Combine unit and integration test steps into one stage #9733

driazati · 2021-12-13T22:11:31Z

This removes the barrier wait between test and integration tests in CI. This will increase capacity requirements and usage but, assuming we can meet that with autoscaler, should reduce CI times by an hour or two since we're doing all the testing in parallel.

The slow path is CPU unit test -> GPU frontend tests, so kicking off the GPU frontend tests faster should help decrease CI runtime. The CPU build was also running a bunch of unit tests, this breaks them out into their own job so the CPU build step shouldn't block the rest of CI as long.
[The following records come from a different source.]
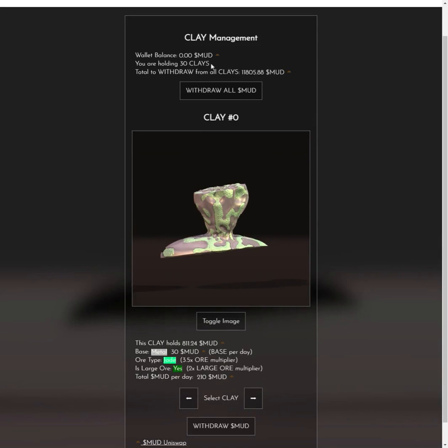You'll see how many clays you're holding and there's a withdrawal button as well. If you're holding a lot of clays — like 30 here at the moment — the withdrawal button costs quite a bit of gas.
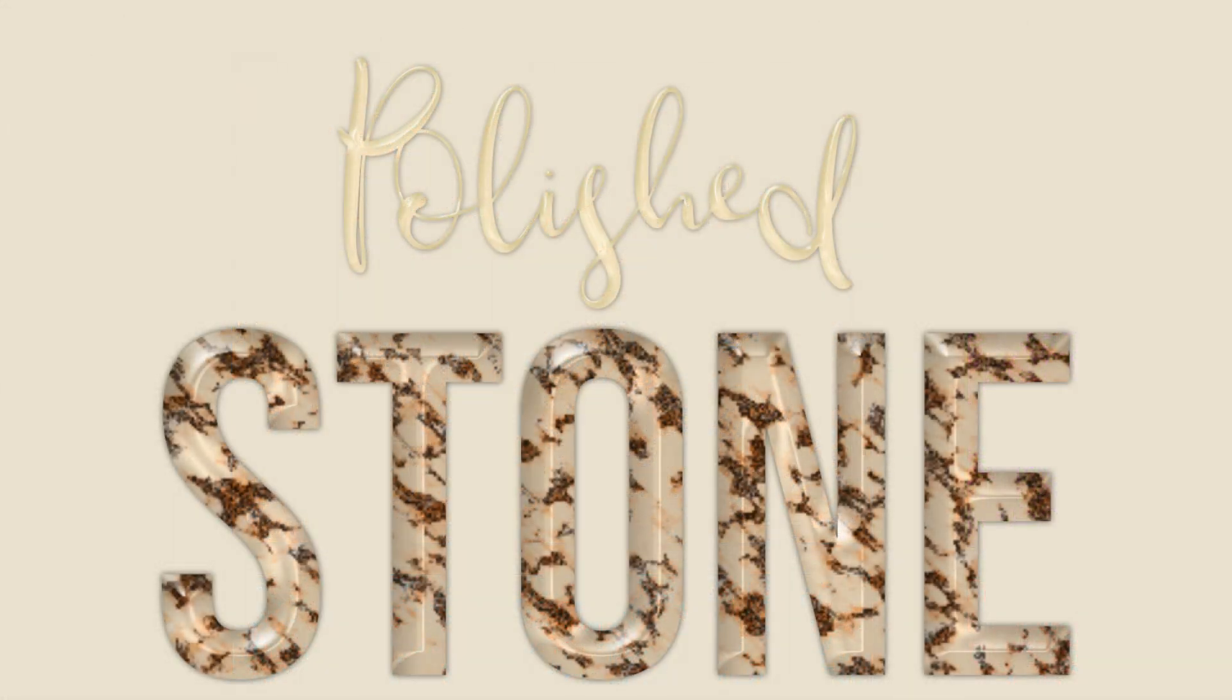Hey there, Mercedes here from PrettyWebs.com and today I'm going to show you how to make a granite texture inside of Photoshop. Later on in the video, I'm going to show you how to use that granite texture to create this polished stone text effect as well. So let's go ahead and get started.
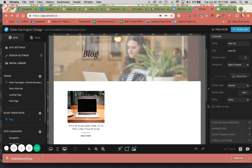Hello, this is a tutorial going over how to set up your blog post list page in your Showit account.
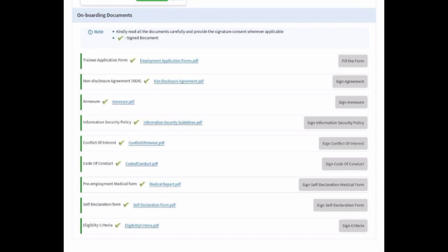All these instructions are given by the company through the mail. You have to sign all the documents before the expiration of the mail link. Just read all the documents carefully — all instructions have been given in this onboarding document mail.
Test run

@areusch

This removes the barrier wait between test and integration tests in CI. This will increase capacity requirements and usage but, assuming we can meet that with autoscaler, should reduce CI times by an hour or two since we're doing all the testing in parallel. The slow path is CPU unit test -> GPU frontend tests, so kicking off the GPU frontend tests faster should help decrease CI runtime.

areusch

thanks @driazati !

areusch · 2022-01-03T22:10:05Z

Jenkinsfile

      }
    },
-    'python3: CPU': {


i think right now, failing unit tests wouldn't cancel integration tests. are we concerned with overburdening CI with PRs that fail unit tests? I wonder if we should somehow cancel integration test builds if unit tests fail. we could also just try merging and see if it's a problem, too.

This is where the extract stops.